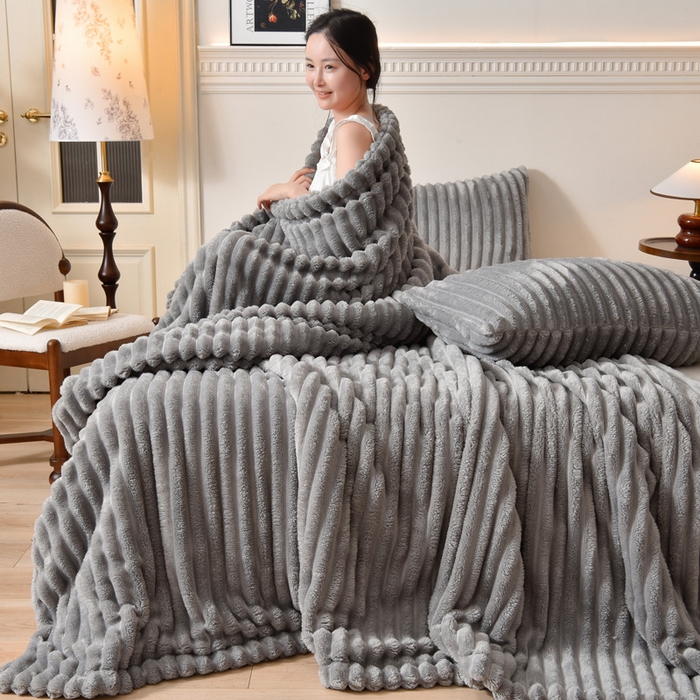 91家纺网 家纺一手货源 找家纺 圣靓 2025新款高克重牛奶绒抽条毛毯 灰色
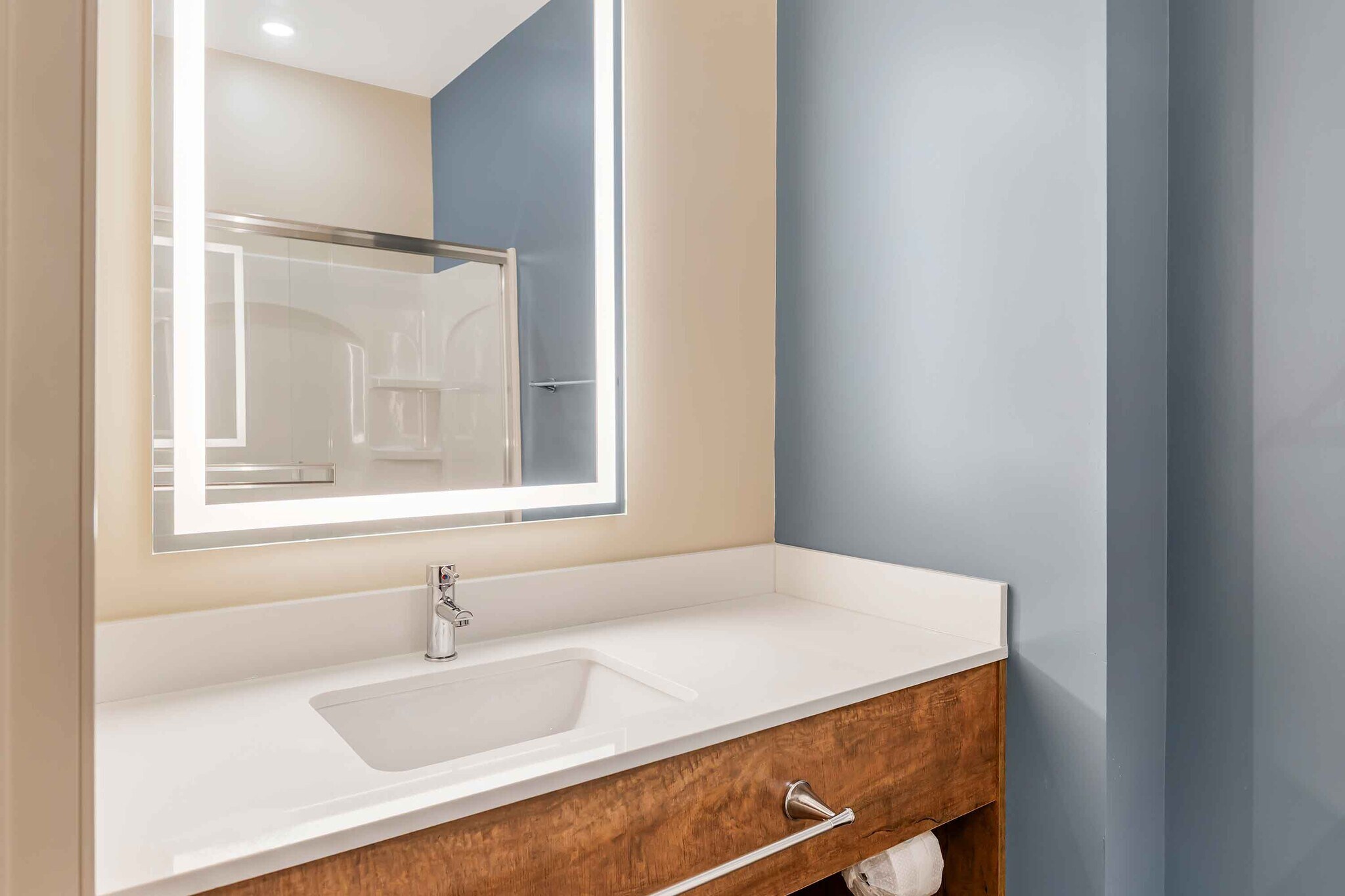 Building Photo - Furnished Studio-Charlottesville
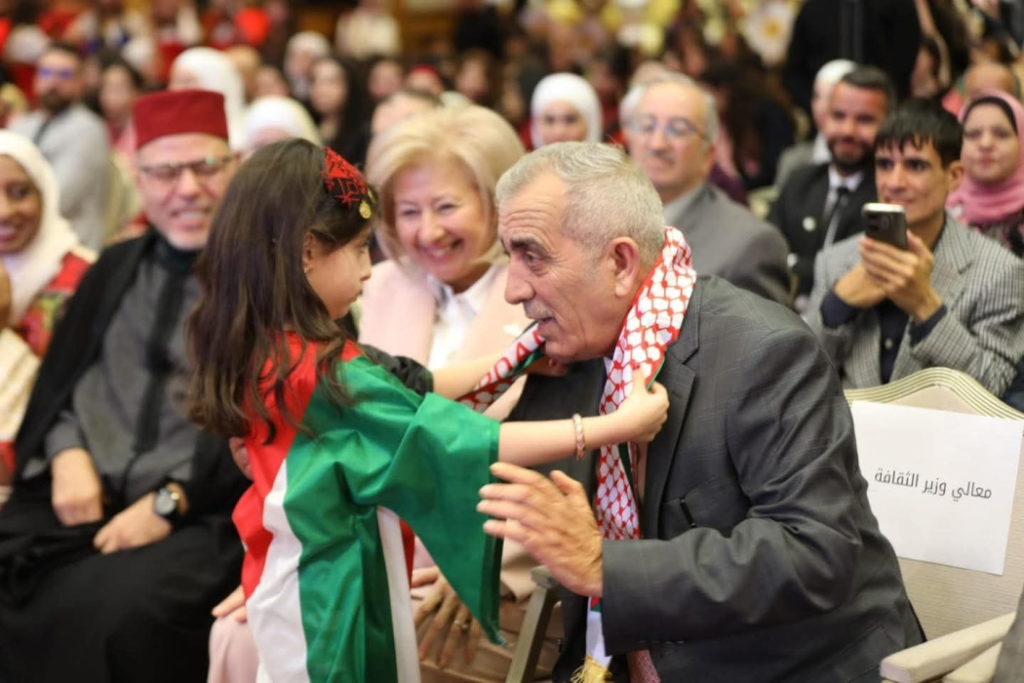 الرواشدة يرعى احتفالًا بيوم الطفل العالمي أقيم المركز الثقافي الملكي (صور)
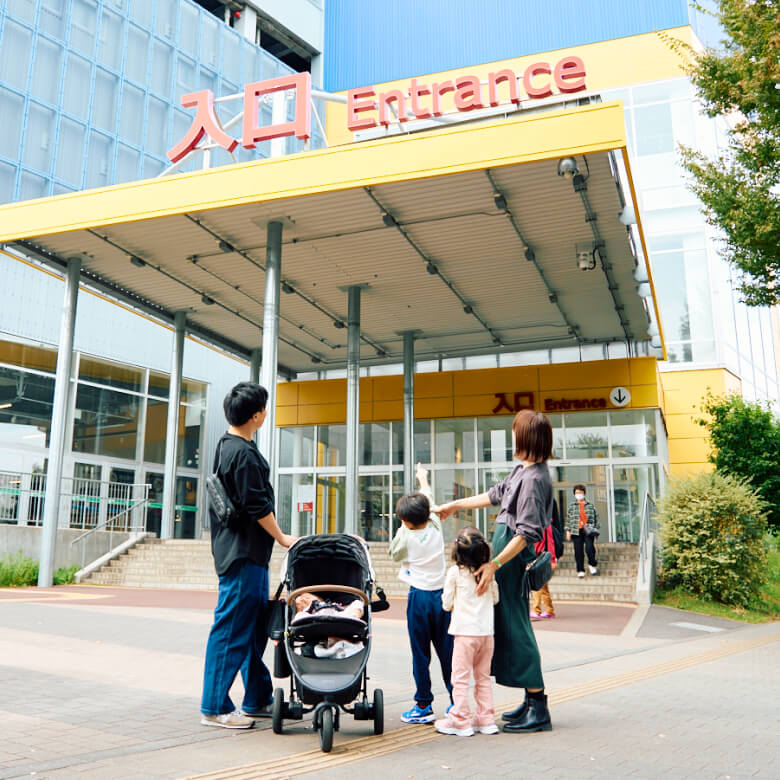 大きく「入口」と書かれた看板を構えるイケア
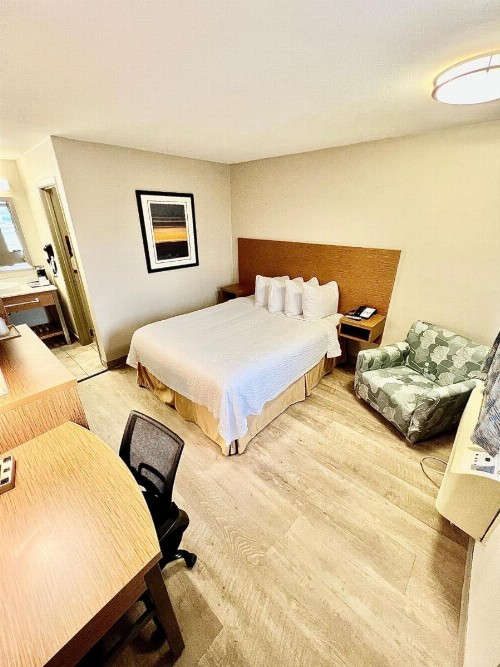 Days Inn & Suites by Wyndham Arlington Near Six Flags - image 27
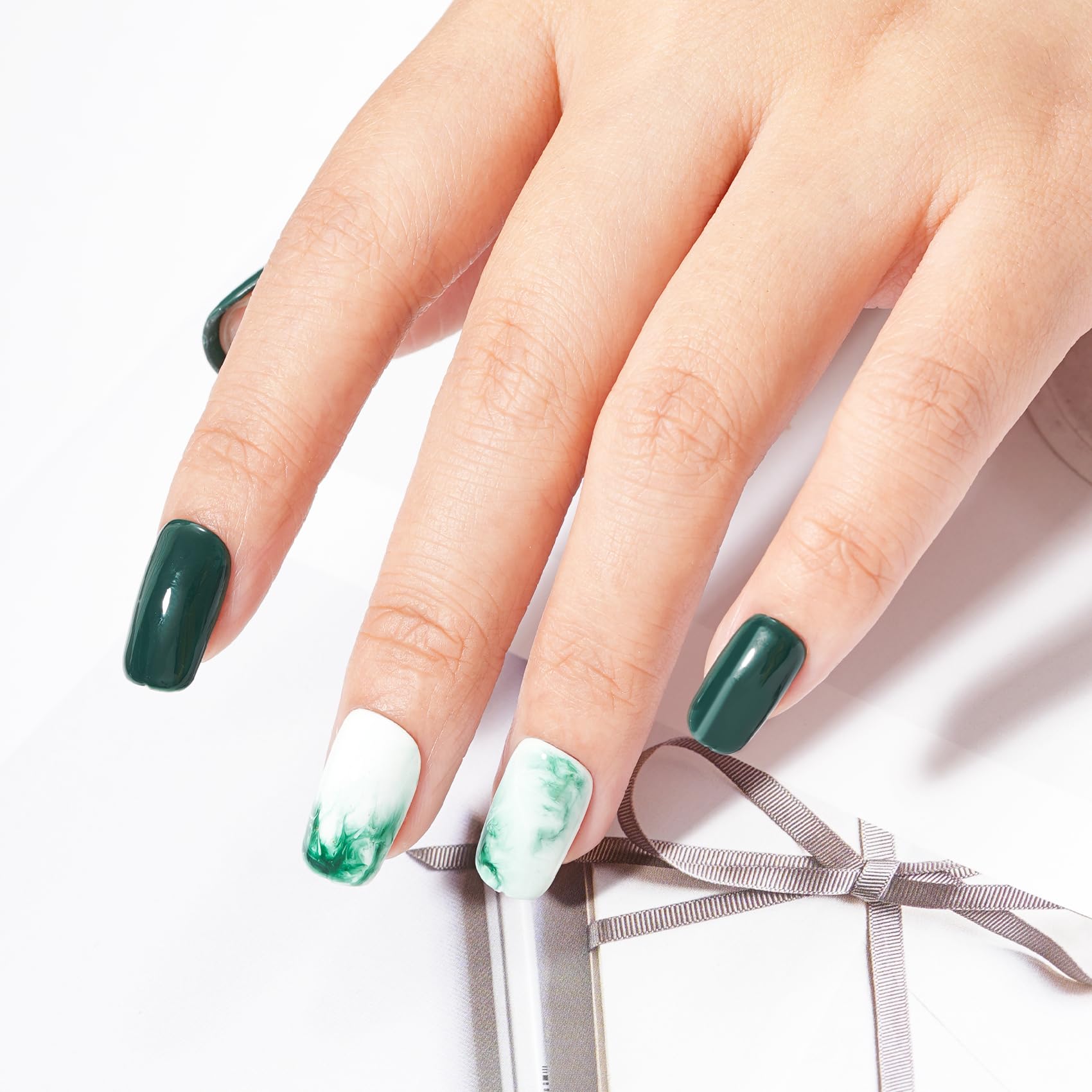 MAYCHAO gel esmeralda, acabado liso y flexible para uñas vivas.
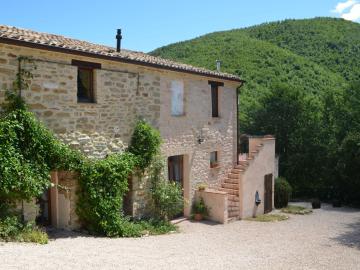 Peaceful Cottage in Pergola with Private Terrace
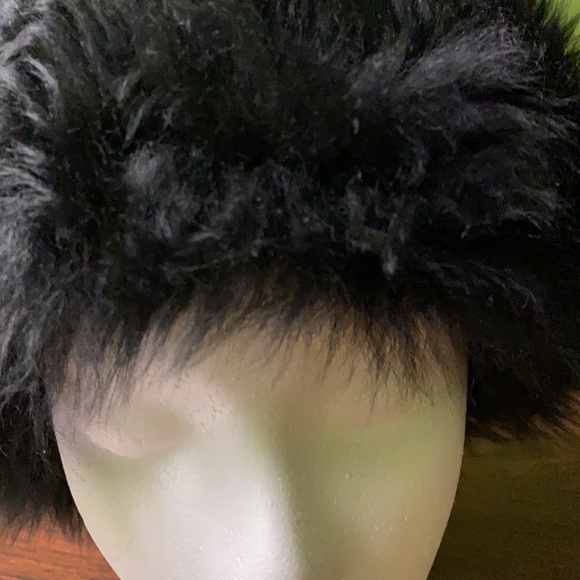 Black Tucsan Lamb Fur Hat - Picture 2 of 4
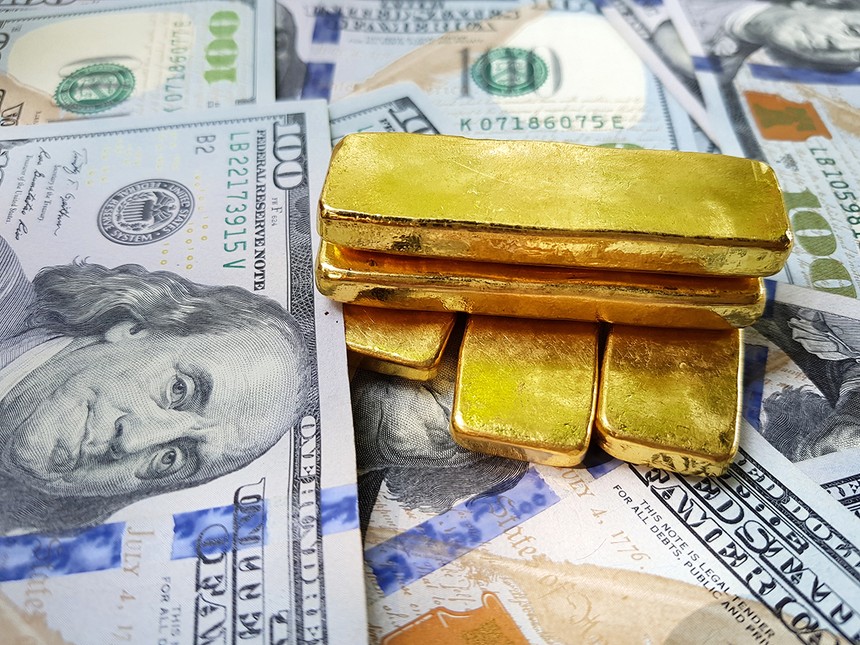 Giá vàng hôm nay ngày 8/12: Vàng tăng tốc, áp sát mốc 1.800 USD/ounce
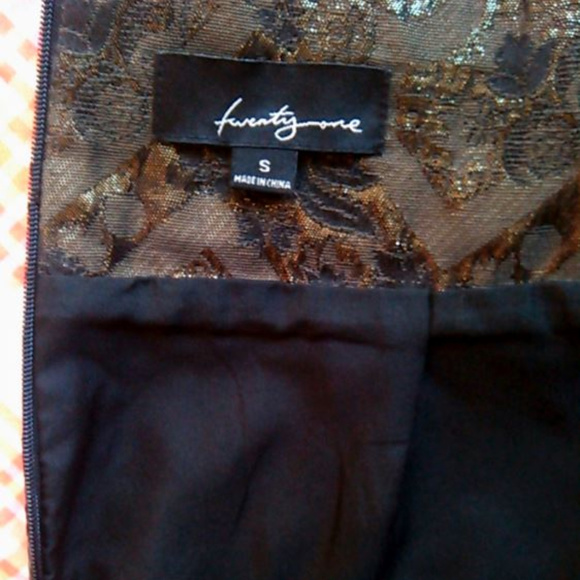 Forever 21 Metallic Gold Jacquard Print Mini Pencil Skirt - Picture 6 of 9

Exercise aim
This task calls for the listing to be restated exactly, with images omitted.

Written answer
 91家纺网 家纺一手货源 找家纺 圣靓 2025新款高克重牛奶绒抽条毛毯 灰色
 Building Photo - Furnished Studio-Charlottesville
 الرواشدة يرعى احتفالًا بيوم الطفل العالمي أقيم المركز الثقافي الملكي (صور)
 大きく「入口」と書かれた看板を構えるイケア
 Days Inn & Suites by Wyndham Arlington Near Six Flags - image 27
 MAYCHAO gel esmeralda, acabado liso y flexible para uñas vivas.
 Peaceful Cottage in Pergola with Private Terrace
 Black Tucsan Lamb Fur Hat - Picture 2 of 4
 Giá vàng hôm nay ngày 8/12: Vàng tăng tốc, áp sát mốc 1.800 USD/ounce
 Forever 21 Metallic Gold Jacquard Print Mini Pencil Skirt - Picture 6 of 9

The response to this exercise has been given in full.